O ritmo da leitura no mundo moderno
Para a especialista, a experiência de folhear páginas e mergulhar em narrativas desafia a lógica da produtividade contínua. Enquanto a internet exige respostas imediatas e consumo rápido de conteúdos, a literatura exige paciência, atenção plena e entrega por parte do leitor.
Resgate da atenção profunda
A imersão literária treina novamente o cérebro para focar em uma única atividade por longos períodos. Esse hábito contrasta diretamente com a distração crônica gerada pelas redes sociais e pelo excesso de informações diárias que consumimos nas telas.

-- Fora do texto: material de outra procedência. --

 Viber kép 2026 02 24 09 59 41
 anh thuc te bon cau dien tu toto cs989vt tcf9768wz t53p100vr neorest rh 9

A reflexão proposta por Michelle Prazeres dialoga com o conceito de desaceleração, um movimento global que busca resgatar a qualidade de vida e a saúde mental através da valorização do tempo livre e de práticas contemplativas.
Portanto, abrir uma obra impressa ou digital deixa de ser apenas um passatempo cultural e passa a ser um ato político de reconexão consigo mesmo, permitindo vivenciar um tempo que não é medido por relógios, mas pela profundidade das ideias.